Rose’s new book, Women in Dark Times, involves another weird interplay of hesitancy and conviction – only this time, things are the other way round. On the one hand, it seems to be – indeed, expressly wants to be – a clarion call, a template for a new kind of feminism, a fierce, urgent book written at a moment when the situation for many women is fraught, painful and dispiriting. On the other, it is a collection of long-winded, vaguely psychoanalytic essays, the exact purpose of which I was not able to decipher, and whose relationship to one other is tenuous. If Rose is expecting women to jump to attention, she’ll have a long wait. Her sentences are just too long, too precious, too paradoxical; like furred pipes, the water of her argument struggles to pass through them.
She begins with three biographical essays. There is Rosa Luxemburg, the revolutionary socialist; Charlotte Salomon, the German-Jewish painter; and Marilyn Monroe. All died young, all were – though only possibly, in the case of Monroe – murdered (Luxemburg was shot in 1919; Salomon died in Auschwitz). In her central section Rose examines “honour” killings with reference to three victims, Shafilea Ahmed (the Bradford teenager murdered by her parents in 2003), Heshu Yones (killed in 2002 by her Iraqi-Kurdish father) and Fadime Sahindal (a Kurdish immigrant to Sweden murdered by her father in 2002). Finally, she comes back with three essays celebrating the work of the artists Esther Shalev-Gerz, Yael Bartana and Thérèse Oulton (the Lithuanian-born Shalev-Gerz works in mixed media; Bartana is an Israeli video artist; Oulton is an English abstract painter).
What links this group? What connections does she want us to make? I’m not sure. Her writing is so wilfully obtuse. In a preface, she explains that women need a “scandalous feminism, one which embraces without inhibition the most painful, outrageous aspects of the human heart, giving them their place at the very core of the world feminism wants to create”. At first, this sounded exciting. God knows, we need a feminism capable of tackling more than the issue of what we should do with our pubic hair; it may even be that we need one that is able to move beyond the matter of equal pay. But when Rose writes that this world will be very different from the “sane, balanced, reasoned” one that feminism is meant to aspire to, alarm bells ring.

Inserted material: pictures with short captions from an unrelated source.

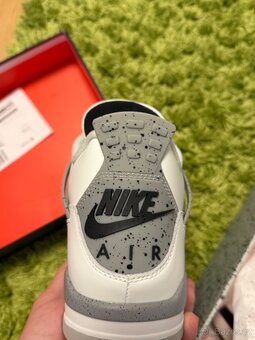 Jordan 4 White cement 2025 - 2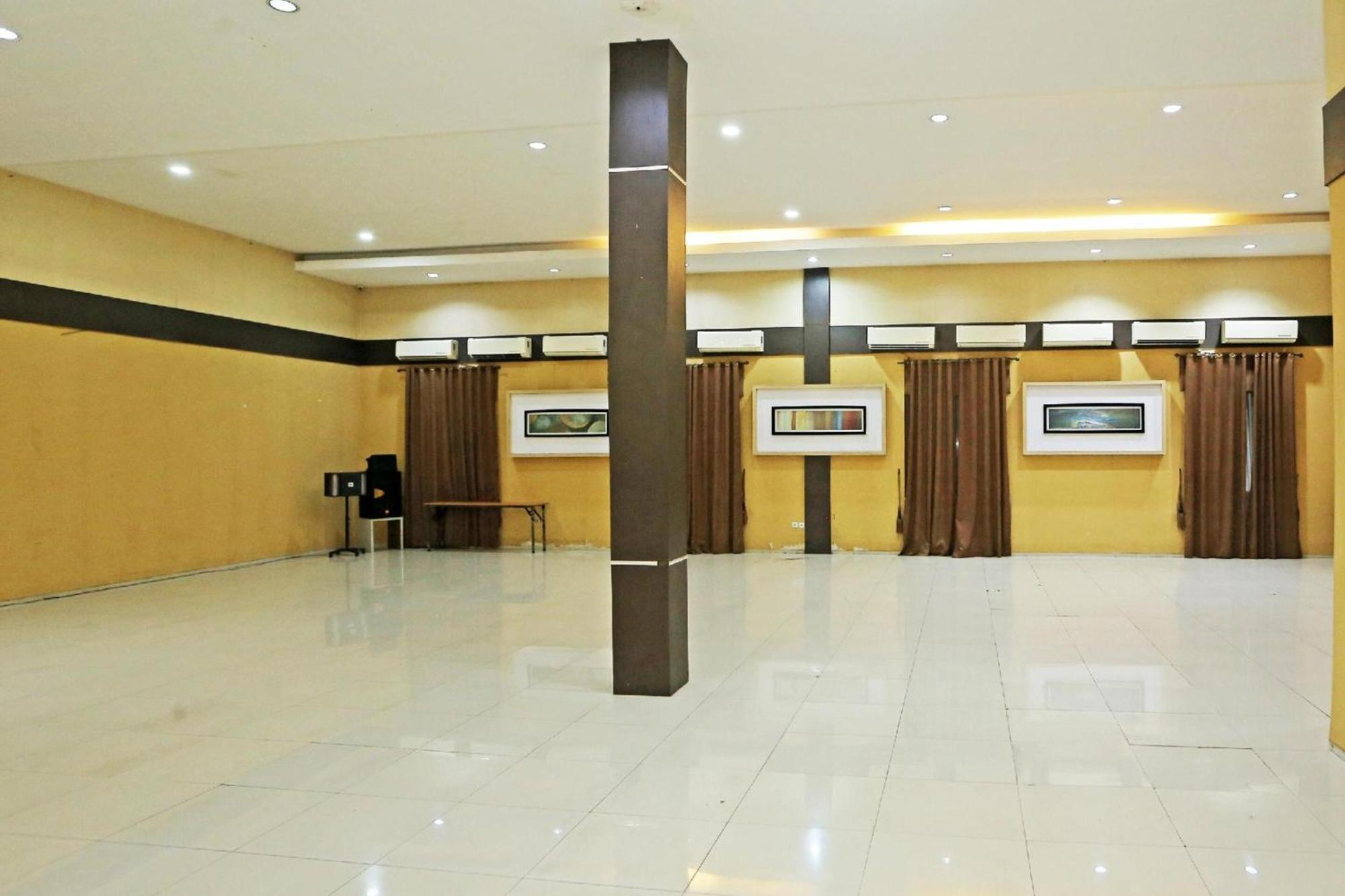 Super Oyo Townhouse Oak Hotel Fiducia Serpong Exterior photo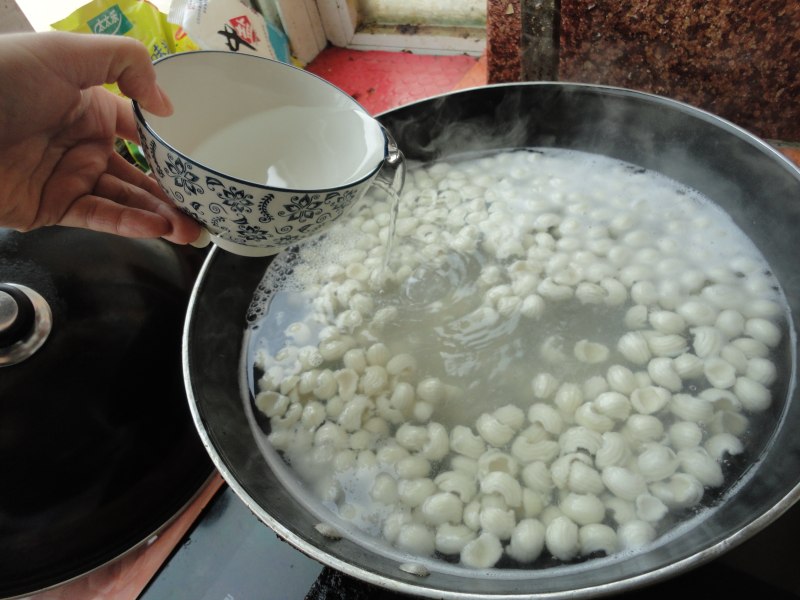 Steps for Making Assorted Stir-Fried Cat's Ears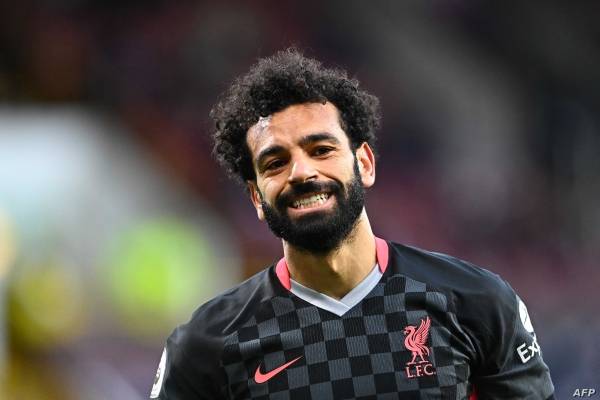 كلوب يدفع ليفربول لتجديد عقد محمد صلاح بأي طريقة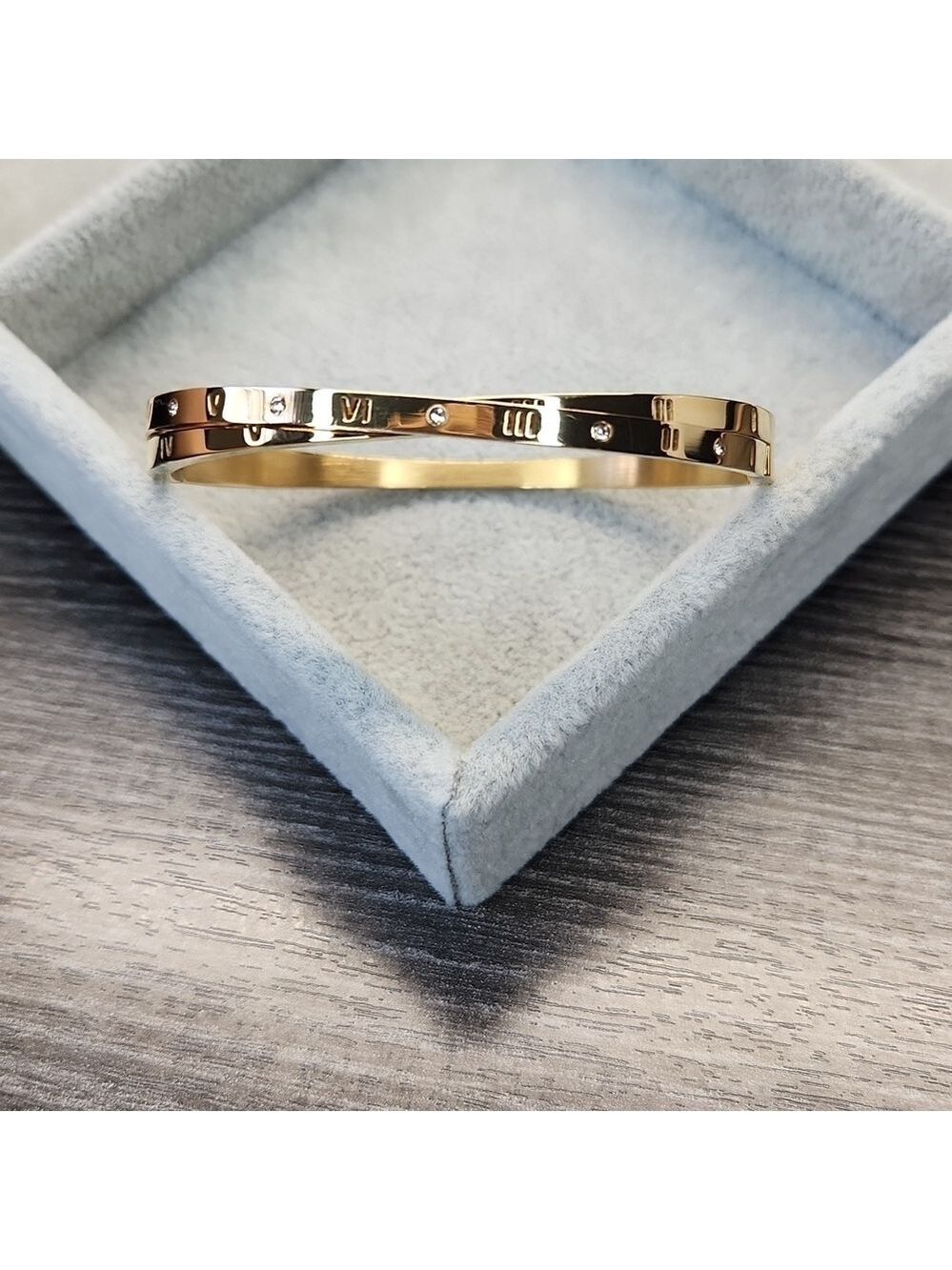 18k Gold Plated Stainless Steel Roman Numeral Simulated Diamond Luxury Bangle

Do I regard women, as she does, as “custodians of the night”? No, I do not. To see them this way plays into the hands of those who deem women to be “mad”: hysterical, over-emotional, unable to think. Some feminists are apt to claim that women don’t feel at all reasonable right now. I’ve said so myself, faced with the latest sexual abuse case, a vexing headline, an internet troll. But do I want to bring “the dark” with me wherever I go, as Monroe did? Will this empower me? No. Rose writes that “claiming reason as a fiefdom” is an “efficient, if deadly, way of denying what is insane about our world whose instances of unreason… are everywhere to see”. By deadly, apparently she means “impoverished”. All I can tell you is that if thinking clearly means I’m impoverished, I am content to remain, metaphorically speaking, dirt poor.